“Drink till I’m drunk, smoke till i’m senseless”
10/10
Every generation has music that defines their era and in the mid-nineties it was the output of Massive Attack, Tricky and Portishead that has the greatest resonance. Like watching ‘This Life’ these albums transport you to a specific time and place: pre-millenium, pre-9-11, pre-Blair… Although they coincided with the media-hyped emergence of Britpop and Radiohead’s The Bends, it is the sound of the Bristol ‘Holy Trinity’ that is most redolent of that period. Twelve years on (I can’t believe it!) I bought the CD having only owned the cassette (really) and not having listened to it of late. Whereas Portishead in particular had to contend with a plethora of interior imitators, Tricky’s sound was harder to replicate, even superficially: the weed-induced paranoia, the sexual ambiguity and provocation, the muttered half-raps, the male-female vocals less in duet but rather hybrid forms of Tricky’s own perverse identity. It has not (quite) lost any of its power, and still has to be considered one of the great albums of the period, even if a few tracks have dated a little.

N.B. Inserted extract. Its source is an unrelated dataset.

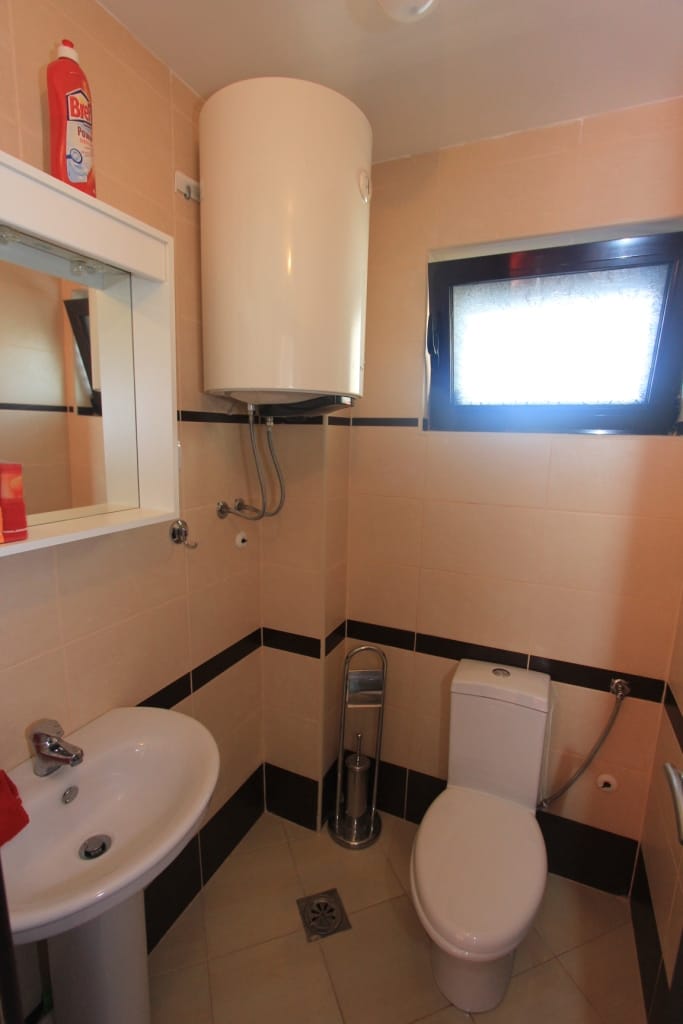 Bathroom in an apartment, Rafailovici, Montenegro: beige tiles, water heater, sink, toilet, and window.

‘Overcome’, the opener, I feel has suffered the worst. The lyrics recycled from Tricky’s raps on Protection are sung blandly by his original muse Martina Topley-Bird, and the pan-pipes in the chorus seem so cliched now. It’s garden variety trip hop and was surprising used as the closing track on Island’s Tricky retrospective, A Ruff Guide (not the only discrepancy on that play list). ‘Ponderosa’ is still fantastic, even if the production sounds a little flat now, with a loop that sounds like Tom Waits playing on a skull drum kit in Haiti. Topley-Bird reminds us of how unique her voice sounded then (pre-Mike Skinner, pre-Lilly Allen), its Grange Hill sneer over Tricky’s marajuana-psychosis lyrics: “underneath the Weeping Willow lies a weeping wino”. ‘Black Steel’, for all its grungy cross-over appeal, remains a brilliant reworking of the Public Enemy original and one of the last great examples in the dying art of the cover version. The stoned and jaded (and recylced) lyrics on ‘Hell is Round the Corner’ complement the Isaac Hayes sample as effectively as Portishead’s similar ‘Glory Box’, and feels strangely like the album’s centrepiece. Oddly grandiose, but at the same time obscure, it was an odd choice for a single at the time but still stirs up some unusual feelings.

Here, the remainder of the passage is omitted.